Exercise instructions: The records are to be copied word for word, and the pictures dropped.

Available data:
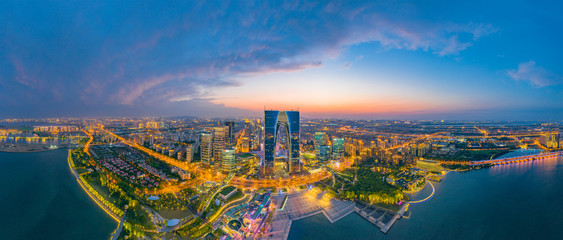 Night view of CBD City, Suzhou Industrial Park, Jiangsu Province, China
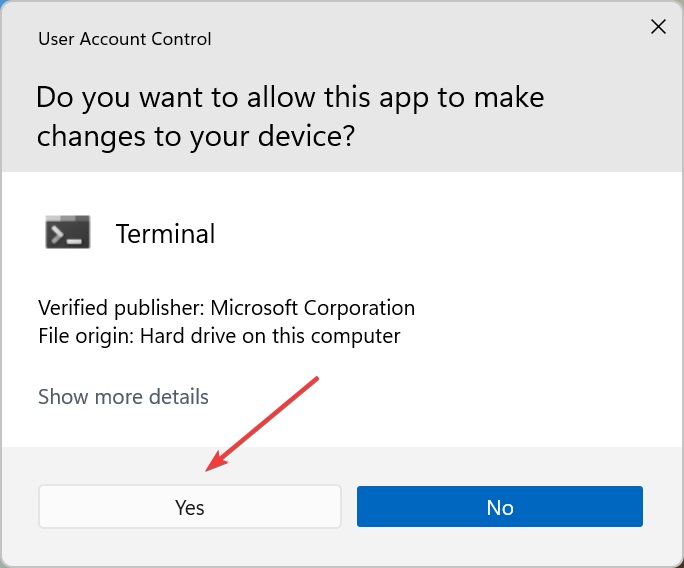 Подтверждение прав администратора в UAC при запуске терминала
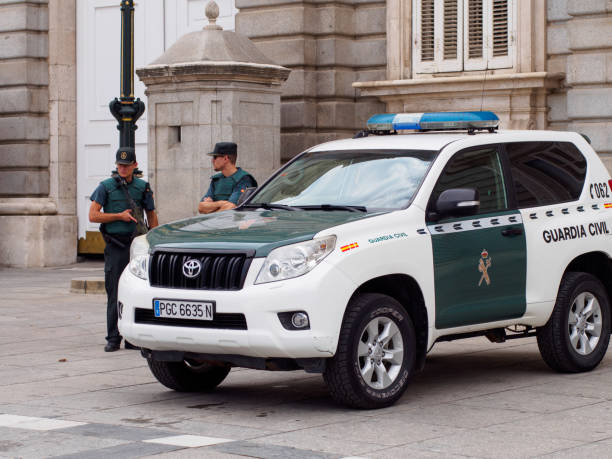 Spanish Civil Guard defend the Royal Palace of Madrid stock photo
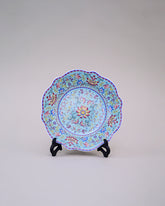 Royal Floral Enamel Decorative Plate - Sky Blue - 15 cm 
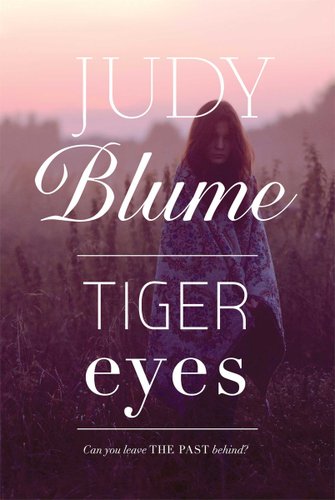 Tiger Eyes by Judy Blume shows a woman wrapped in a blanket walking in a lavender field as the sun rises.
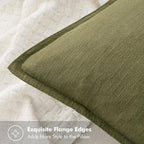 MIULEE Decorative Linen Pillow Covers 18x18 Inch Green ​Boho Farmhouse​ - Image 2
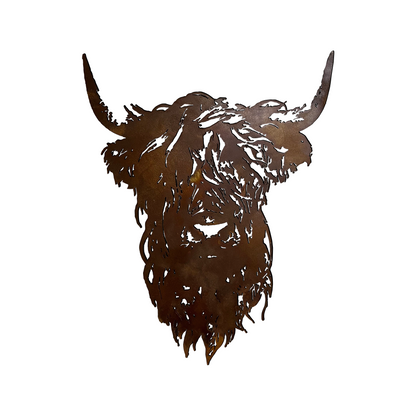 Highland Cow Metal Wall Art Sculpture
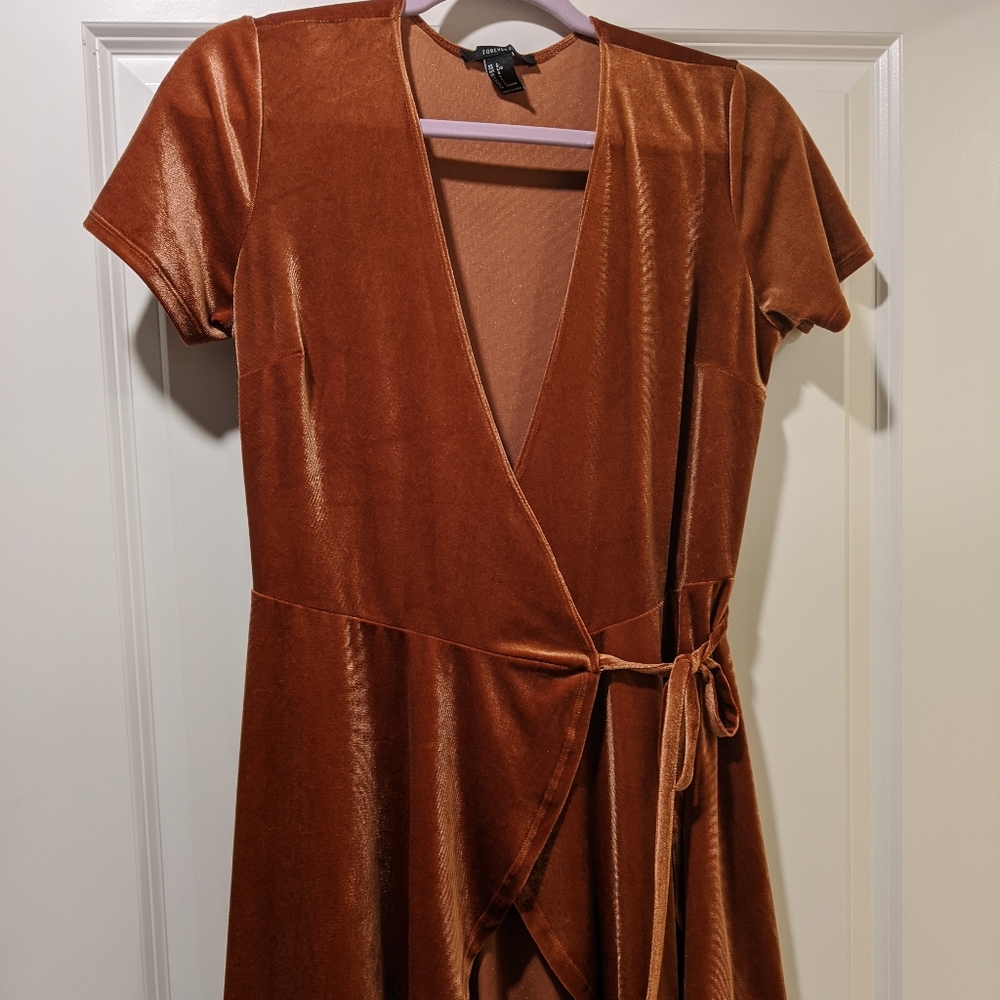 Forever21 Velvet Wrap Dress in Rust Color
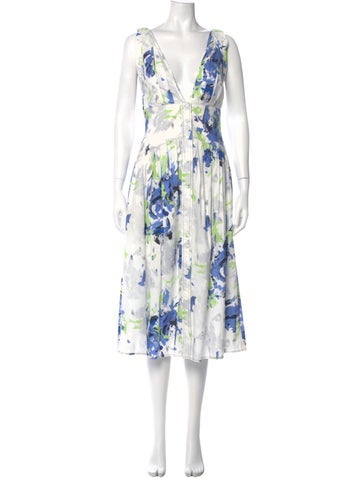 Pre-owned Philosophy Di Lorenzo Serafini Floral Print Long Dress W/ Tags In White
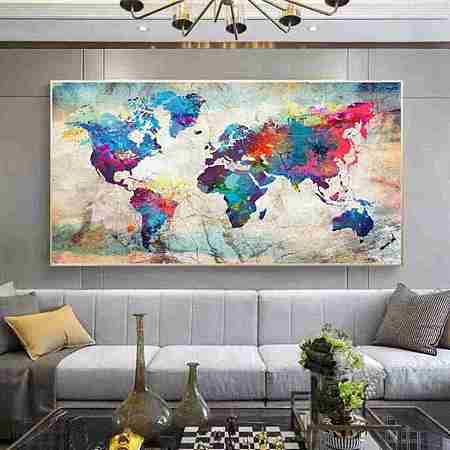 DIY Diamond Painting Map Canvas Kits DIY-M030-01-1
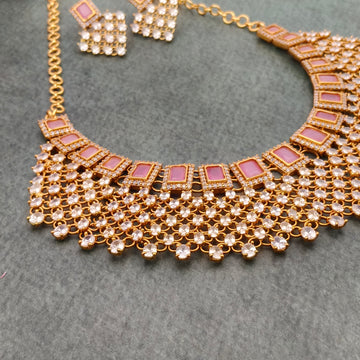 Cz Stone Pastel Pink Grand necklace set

Solution for this task:
 Night view of CBD City, Suzhou Industrial Park, Jiangsu Province, China
 Подтверждение прав администратора в UAC при запуске терминала
 Spanish Civil Guard defend the Royal Palace of Madrid stock photo
 Royal Floral Enamel Decorative Plate - Sky Blue - 15 cm 
 Tiger Eyes by Judy Blume shows a woman wrapped in a blanket walking in a lavender field as the sun rises.
 MIULEE Decorative Linen Pillow Covers 18x18 Inch Green ​Boho Farmhouse​ - Image 2
 Highland Cow Metal Wall Art Sculpture
 Forever21 Velvet Wrap Dress in Rust Color
 Pre-owned Philosophy Di Lorenzo Serafini Floral Print Long Dress W/ Tags In White
 DIY Diamond Painting Map Canvas Kits DIY-M030-01-1
 Cz Stone Pastel Pink Grand necklace set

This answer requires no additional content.